What is he best known for?
The fields of study he is best known for:
Heinrich Betz mainly investigates Glycine receptor, Biochemistry, Cell biology, Gephyrin and Inhibitory postsynaptic potential.
His Glycine receptor research is multidisciplinary, incorporating elements of Receptor, Molecular biology, Protein subunit and Neuroscience.
Biochemistry is often connected to Biophysics in his work.
His research in Cell biology intersects with topics in Glycine transporter 2, Granule cell, Neurite, Glycine transporter 1 and Membrane protein.
His Gephyrin research includes elements of Collybistin, Tubulin, Microtubule and Transmembrane protein.
He has included themes like Transport protein, Dynein, Neurotransmitter receptor, Immunoelectron microscopy and Binding site in his Inhibitory postsynaptic potential study.
His most cited work include:
- The strychnine-binding subunit of the glycine receptor shows homology with nicotinic acetylcholine receptors. (654 citations)
- GlyR alpha3: an essential target for spinal PGE2-mediated inflammatory pain sensitization. (481 citations)
- Widespread expression of glycine receptor subunit mRNAs in the adult and developing rat brain. (465 citations)
What are the main themes of his work throughout his whole career to date?
Heinrich Betz mostly deals with Glycine receptor, Biochemistry, Cell biology, Glycine and Molecular biology.
His Glycine receptor research includes themes of Receptor, Biophysics, Protein subunit and Inhibitory postsynaptic potential.
His Biophysics research incorporates elements of Ligand-gated ion channel and Ion channel.
Heinrich Betz interconnects Neurotransmitter, Glycine transporter, Neurotransmitter receptor, Neurotransmission and Synaptic vesicle in the investigation of issues within Cell biology.
Heinrich Betz has researched Glycine in several fields, including Agonist, NMDA receptor and Strychnine.
Heinrich Betz works mostly in the field of Molecular biology, limiting it down to topics relating to Acetylcholine receptor and, in certain cases, Acetylcholine.

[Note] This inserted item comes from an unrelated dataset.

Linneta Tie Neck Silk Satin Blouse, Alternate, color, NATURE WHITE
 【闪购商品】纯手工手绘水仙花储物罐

He most often published in these fields:
- Glycine receptor (48.45%)
- Biochemistry (45.11%)
- Cell biology (31.98%)
What were the highlights of his more recent work (between 2003-2021)?

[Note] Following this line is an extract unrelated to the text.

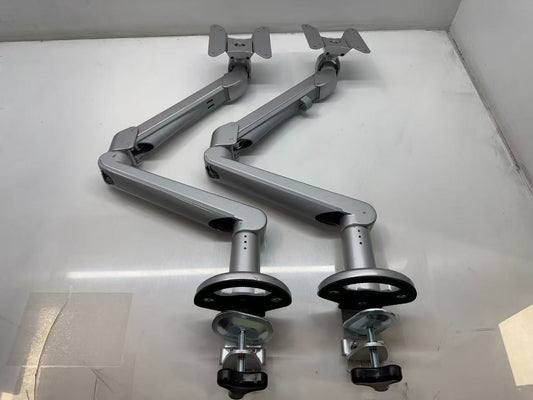 Monitor Desk Mount Stand Arm Screens 2pcs (No Screw) up to 34" -Silver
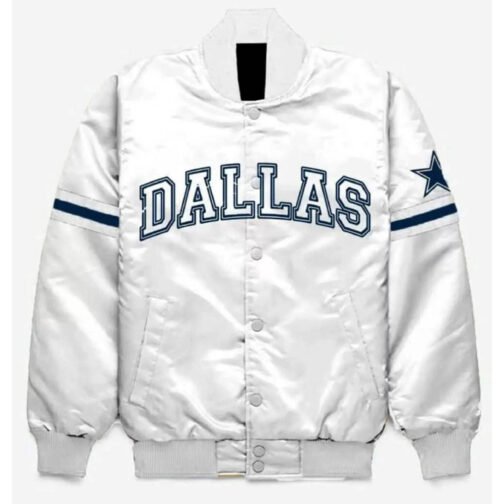 Dallas Cowboys White Bomber Satin Jacket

- Glycine receptor (48.45%)
- Biochemistry (45.11%)
- Cell biology (31.98%)
In recent papers he was focusing on the following fields of study:
The scientist’s investigation covers issues in Glycine receptor, Biochemistry, Cell biology, Inhibitory postsynaptic potential and Neuroscience.
His study in Glycine receptor is interdisciplinary in nature, drawing from both Receptor, Neurotransmission, Biophysics and Protein subunit.
The concepts of his Cell biology study are interwoven with issues in HEK 293 cells, Retina, Inner plexiform layer and Glycine transporter 1.
His research integrates issues of Neurotransmitter receptor, Strychnine and Picrotoxin in his study of Inhibitory postsynaptic potential.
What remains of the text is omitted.